GIVEN DATA |
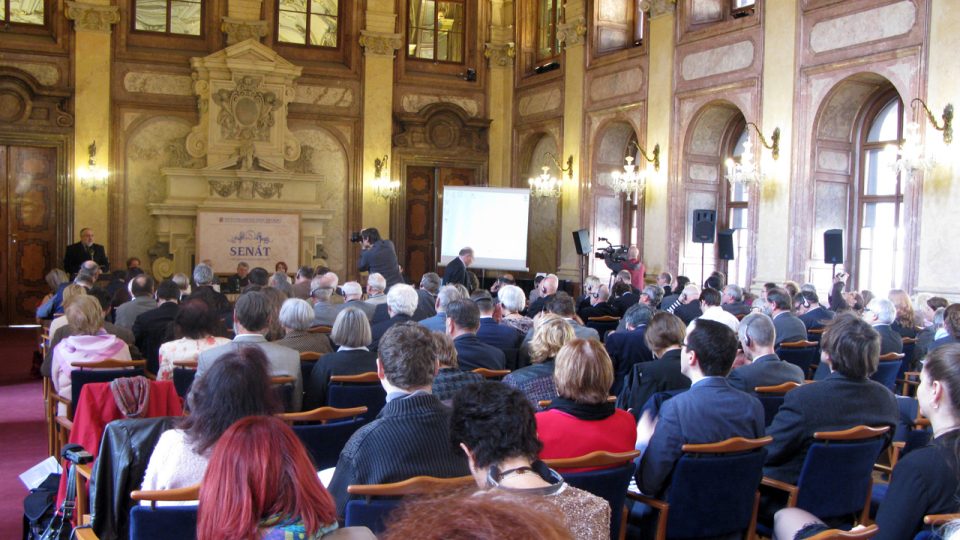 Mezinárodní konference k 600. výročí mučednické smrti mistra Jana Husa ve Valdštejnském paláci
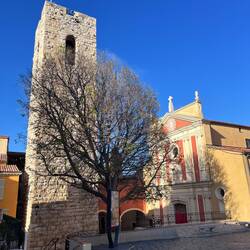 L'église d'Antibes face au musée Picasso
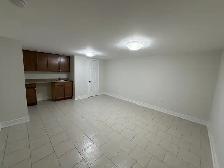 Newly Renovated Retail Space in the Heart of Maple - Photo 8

PROBLEM TO WORK ON | The data must come back word for word, with every picture removed.

TASK RESULT |
 Mezinárodní konference k 600. výročí mučednické smrti mistra Jana Husa ve Valdštejnském paláci
 L'église d'Antibes face au musée Picasso
 Newly Renovated Retail Space in the Heart of Maple - Photo 8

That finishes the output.